Facilitating strategic planning sessions is one of our favorite things to do. With over 20 years or experience at what does and doesn’t work, it is a sweet spot for us. Strategic facilitation engagements give us a chance to practice a hard-to-develop skill: drawing out the wisdom and intuition of the people in the process, especially from those who have something to say but aren’t sure how to say it.
Note: I am not fall into the traditional trap or insult your intelligence by explaining the difference in a strategy or a tactic. I Googled over 58 million references to those terms – create your own definition!
I don’t use a formulaic approach to strategic planning, but the school of hard knocks has taught me some simple guidelines for managing the process.
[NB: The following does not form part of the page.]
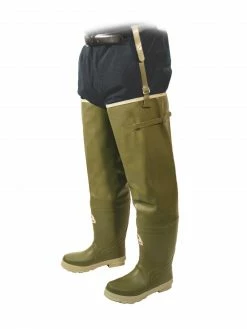 Acton Prairie Hip Plain Toe Insulated Hip Waders | Sizes 7 - 13 Plain Toe Work Boots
If you are a senior leader or business unit head preparing to do some strategic planning, I hope these help:
Set a realistic timeline. We have never seen a great strategic plan come together in less than a few weeks. More typically it takes 2 -3 months to develop a completed plan with all the associated research. For really big, multi-stakeholder plans with inexperienced organizations, the process may take even longer. However, don’t let the process drift on too long; people lose their mojo for it after a while, partially because most of them have real jobs in addition to working on the strategy.
Recruit involvement at the right level. The key to executing on a strategy is engagement, and engagement happens best when those involved had a hand in what, exactly, it is that they are executing on. For organizations with over $1 billion in revenue, it is not uncommon to have a team of 20 or more people involved in plan development at some point. The skill is knowing who to involve, and when. Everyone involved in developing a strategic plan needs to qualify in at least one of two areas: 1). Is their leadership and involvement essential to the plan’s execution? 2). Do they have accurate, intimate and deep knowledge of the customer or market?
Speaking of execution, think “execution” at the same time as “strategy”. A good plan superbly executed beats a great plan poorly executed every time. As a CEO mentor of mine once said, “Perfection is a luxury we can’t afford.”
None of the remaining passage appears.